Io non sono contrario a priori alla via bilaterale. Ma sono contrario alla libera circolazione delle persone, a questa libera circolazione. Non raccontiamoci favole: sarà anche la cosa più bella del mondo per chi l’ha concepita. Ma c’è un ma. Non funziona. E quando una cosa non funziona, bisogna cambiarla. Come? Con il ritorno alla clausola della preferenza indigena.

I dati di cui disponiamo non lasciano adito a dubbi e interpretazioni, checché ne dicano i nostri avversari. I danni sono sotto gli occhi di tutti. Per quanto differenti siano gli approcci, le priorità e la sensibiltà di ognuno di noi, il tasso d’immigrazione in questo Paese ha raggiunto livelli draconiani. Il secondo classificato per presenza di stranieri è la Germania col 12,3%. Noi siamo al 23%, con punte del 26 e 28% rispettivamente in Ticino e nel Canton Ginevra.

Non dobbiamo scoraggiarci, però. Abbiamo più di uno strumento per ridare forza a indipendenza e neutralità del nostro Paese.

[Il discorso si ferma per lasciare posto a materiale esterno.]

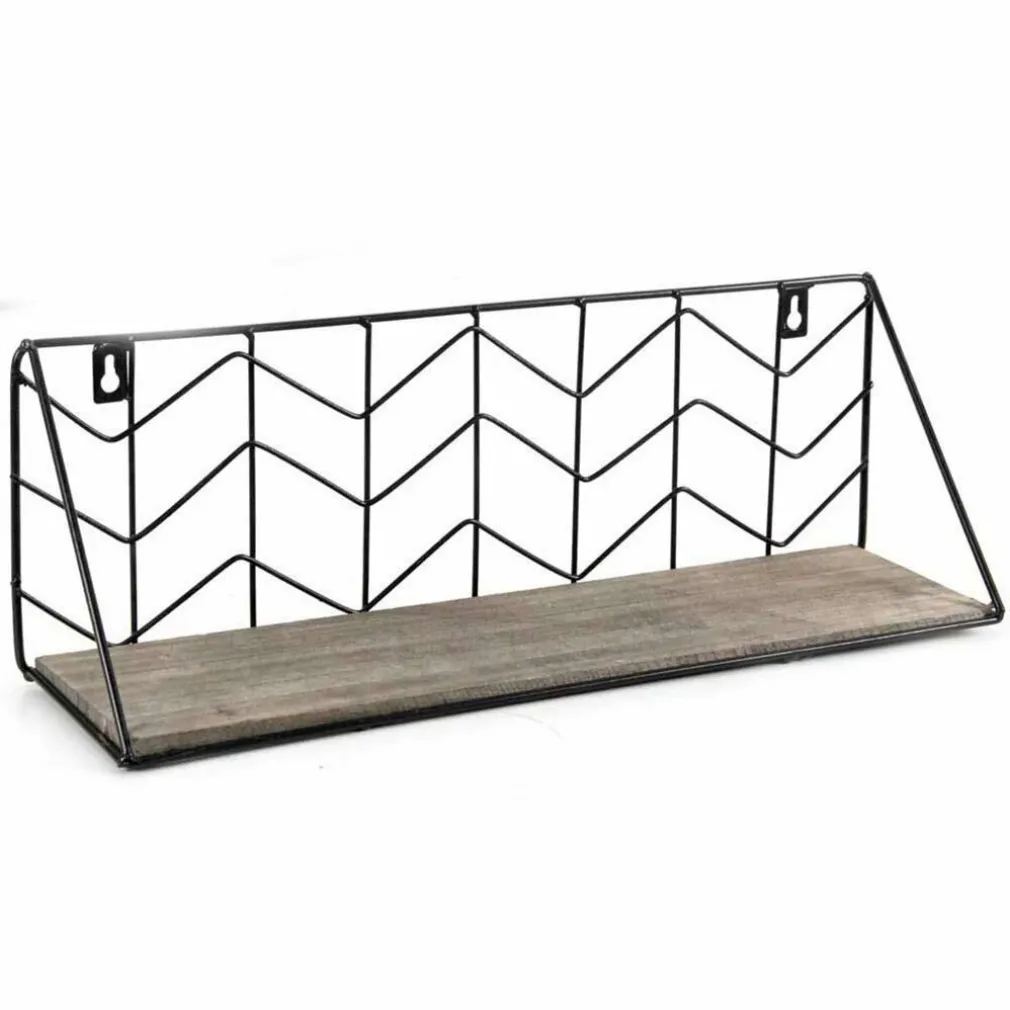 MENSOLA PARETE RETTANGOLARE MENSOLA SCAFFALE METALLO E LEGNO DESIGN MODERNO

Un grimaldello per scardinare i progetti di disgregazione della Svizzera partoriti a Bruxelles con la complicità di cavalli di Troia dal passaporto rossocrociato, è l’Iniziativa Udc contro l’immigrazione di massa. La madre di tutte le battaglie. E un altro è l’opposizione all’estensione della libera circolazione delle persone, alla Croazia.

Nulla contro gli amici croati. Ma un no a Zagabria è, in realtà, un no a Bruxelles e a tutti i suoi ricatti. Significa parlare a nuora perché suocera intenda. L’Unione europea non accetterà mai che, a uno dei suoi membri, venga accordato un trattamento diverso rispetto agli altri e farà cadere i Bilaterali? Appunto. È proprio quello a cui miriamo. Per rinegoziare bisogna rimettere il tutto in discussione con un bel SI all’iniziativa UDC. 

La retorica non piace a nessuno. Ma non dobbiamo dimenticare che chi ha fondato questo Paese lo ha voluto libero e indipendente. E un Paese, per essere libero e indipendente, non può mettere in secondo piano norme e leggi che si è dato nel corso della storia, per sostituirli con il cosiddetto diritto internazionale che, nella prova dei fatti, si rivela con sempre maggior frequenza, come il diritto del più forte.

Accettare imposizioni dall’estero significa, sic et sempliciter, tradire il nostro Paese. E io non sono un traditore.